The following example shows how to change character encodings.


import std/encodings
when defined(windows):
    orig = "öäüß"
    # convert `orig` from "UTF-8" to "CP1252"
    cp1252 = convert(orig, "CP1252", "UTF-8")
    # convert `cp1252` from "CP1252" to "ibm850"
    ibm850 = convert(cp1252, "ibm850", "CP1252")
    current = getCurrentEncoding()
  assert orig == "\195\182\195\164\195\188\195\159"
  assert ibm850 == "\148\132\129\225"
  assert convert(ibm850, current, "ibm850") == orig
The example below uses a reuseable EncodingConverter object which is created by open with destEncoding and srcEncoding specified. You can use convert on this object multiple times.


import std/encodings
when defined(windows):
  var fromGB2312 = open("utf-8", "gb2312")
  let first = "\203\173\197\194\163\191\210\187" &
  assert fromGB2312.convert(first) == "谁怕?一蓑烟雨任平生"

  let second = "\211\208\176\215\205\183\200\231" &
  assert fromGB2312.convert(second) == "有白头如新,倾盖如故"


EncodingConverter = object
  dest, src: CodePage
EncodingError = object of ValueError
Exception that is raised for encoding errors.

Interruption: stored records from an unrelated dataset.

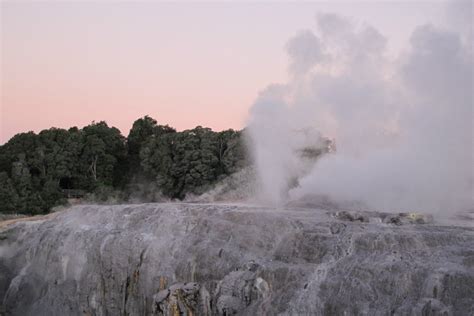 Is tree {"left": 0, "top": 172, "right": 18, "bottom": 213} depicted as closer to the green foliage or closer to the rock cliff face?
the green foliage

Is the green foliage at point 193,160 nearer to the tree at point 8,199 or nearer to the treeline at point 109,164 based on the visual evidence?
the treeline at point 109,164

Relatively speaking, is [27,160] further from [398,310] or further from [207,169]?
[398,310]

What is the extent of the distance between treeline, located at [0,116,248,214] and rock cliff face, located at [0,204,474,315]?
12.9m

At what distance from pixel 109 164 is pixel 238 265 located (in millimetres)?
24754

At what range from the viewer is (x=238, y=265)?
11.9 metres

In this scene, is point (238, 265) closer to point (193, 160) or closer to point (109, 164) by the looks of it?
point (193, 160)

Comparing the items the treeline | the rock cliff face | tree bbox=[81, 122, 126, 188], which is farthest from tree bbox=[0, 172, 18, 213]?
the rock cliff face

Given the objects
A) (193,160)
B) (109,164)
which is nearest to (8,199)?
(109,164)

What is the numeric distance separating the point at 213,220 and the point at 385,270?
5.12m

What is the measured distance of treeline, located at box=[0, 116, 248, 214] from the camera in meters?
30.6

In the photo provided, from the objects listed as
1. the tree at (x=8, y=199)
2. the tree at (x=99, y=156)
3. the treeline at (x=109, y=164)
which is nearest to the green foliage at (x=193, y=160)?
the treeline at (x=109, y=164)

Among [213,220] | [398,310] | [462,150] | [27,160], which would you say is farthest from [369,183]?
[27,160]

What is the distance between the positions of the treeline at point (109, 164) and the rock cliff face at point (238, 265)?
12.9 meters

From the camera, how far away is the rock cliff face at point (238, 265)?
9789 millimetres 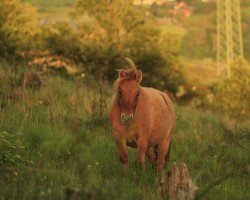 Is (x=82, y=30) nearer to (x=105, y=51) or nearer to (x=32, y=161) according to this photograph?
(x=105, y=51)

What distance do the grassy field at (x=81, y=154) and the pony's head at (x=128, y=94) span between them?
57cm

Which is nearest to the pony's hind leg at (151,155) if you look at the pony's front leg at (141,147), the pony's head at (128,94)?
the pony's front leg at (141,147)

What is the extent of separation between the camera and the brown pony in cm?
662

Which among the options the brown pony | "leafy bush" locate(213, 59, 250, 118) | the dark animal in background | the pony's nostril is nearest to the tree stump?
the brown pony

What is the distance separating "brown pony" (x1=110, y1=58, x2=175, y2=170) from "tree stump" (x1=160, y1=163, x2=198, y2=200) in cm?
90

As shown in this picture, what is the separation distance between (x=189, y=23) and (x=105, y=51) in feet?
376

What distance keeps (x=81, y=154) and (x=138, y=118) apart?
1015mm

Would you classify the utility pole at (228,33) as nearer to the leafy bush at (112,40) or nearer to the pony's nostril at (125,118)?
the leafy bush at (112,40)

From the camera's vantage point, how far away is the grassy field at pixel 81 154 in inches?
217

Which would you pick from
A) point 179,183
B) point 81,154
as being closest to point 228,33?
point 81,154

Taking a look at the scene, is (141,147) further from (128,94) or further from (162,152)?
(162,152)

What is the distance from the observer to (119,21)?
22.6m

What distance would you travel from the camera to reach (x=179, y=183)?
547 centimetres

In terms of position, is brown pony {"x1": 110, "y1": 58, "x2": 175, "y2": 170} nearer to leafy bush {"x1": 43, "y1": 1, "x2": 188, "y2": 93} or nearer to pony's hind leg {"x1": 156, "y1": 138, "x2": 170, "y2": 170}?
pony's hind leg {"x1": 156, "y1": 138, "x2": 170, "y2": 170} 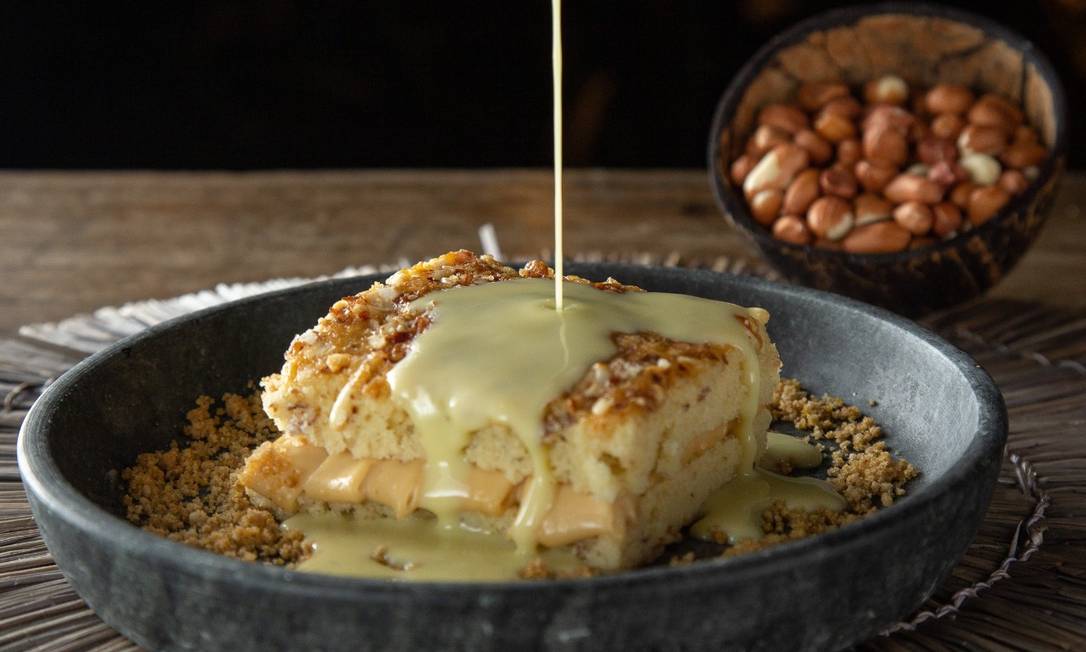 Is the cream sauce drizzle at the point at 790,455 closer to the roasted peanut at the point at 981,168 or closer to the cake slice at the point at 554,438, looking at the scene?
the cake slice at the point at 554,438

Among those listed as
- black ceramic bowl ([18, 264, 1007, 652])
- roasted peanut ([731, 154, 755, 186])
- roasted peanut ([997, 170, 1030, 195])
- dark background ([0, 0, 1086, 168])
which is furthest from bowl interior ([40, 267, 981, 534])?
dark background ([0, 0, 1086, 168])

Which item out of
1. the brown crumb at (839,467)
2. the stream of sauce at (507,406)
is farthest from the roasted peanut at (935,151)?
the stream of sauce at (507,406)

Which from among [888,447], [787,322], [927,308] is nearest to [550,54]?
[927,308]

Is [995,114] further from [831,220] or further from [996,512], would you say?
[996,512]

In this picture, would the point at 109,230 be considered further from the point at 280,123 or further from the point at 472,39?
the point at 472,39

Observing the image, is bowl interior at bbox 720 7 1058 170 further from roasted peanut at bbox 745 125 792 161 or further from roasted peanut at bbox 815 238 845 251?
roasted peanut at bbox 815 238 845 251

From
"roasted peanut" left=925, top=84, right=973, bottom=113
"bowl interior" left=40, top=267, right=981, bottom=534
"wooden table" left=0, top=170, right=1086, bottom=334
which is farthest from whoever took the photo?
"wooden table" left=0, top=170, right=1086, bottom=334

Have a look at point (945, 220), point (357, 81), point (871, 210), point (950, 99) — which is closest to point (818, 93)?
point (950, 99) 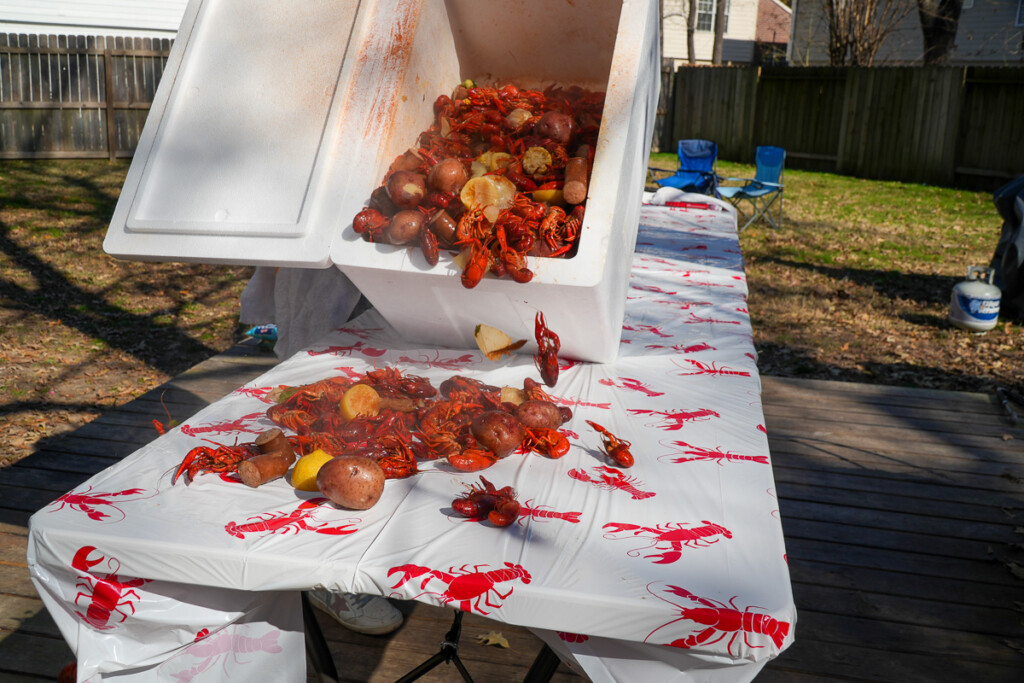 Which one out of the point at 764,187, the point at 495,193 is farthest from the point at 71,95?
the point at 495,193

proc close(c: EncodingConverter) {....raises: [], tags: [].}
Frees the resources the converter c holds.
proc codePageToName(c: CodePage): string {....raises: [], tags: [].}
proc convert(c: EncodingConverter; s: string): string {.
    ...raises: [EncodingError, OSError], tags: [].}
proc convert(s: string; destEncoding = "UTF-8"; srcEncoding = "CP1252"): string {.
    ...raises: [ValueError, EncodingError, EncodingError, OSError], tags: [].}
Converts s to destEncoding. It assumed that s is in srcEncoding. This opens a converter, uses it and closes it again and is thus more convenient but also likely less efficient than re-using a converter.
Warning: UTF-16BE and UTF-32 conversions are not supported on Windows.
proc getCurrentEncoding(uiApp = false): string {....raises: [], tags: [].}
Retrieves the current encoding. On Unix, "UTF-8" is always returned. The uiApp parameter is Windows specific. If true, the UI's code-page is returned, if false, the Console's code-page is returned.
proc nameToCodePage(name: string): CodePage {....raises: [ValueError], tags: [].}
proc open(destEncoding = "UTF-8"; srcEncoding = "CP1252"): EncodingConverter {.
    ...raises: [ValueError, EncodingError], tags: [].}
Opens a converter that can convert from srcEncoding to destEncoding. Raises IOError if it cannot fulfill the request.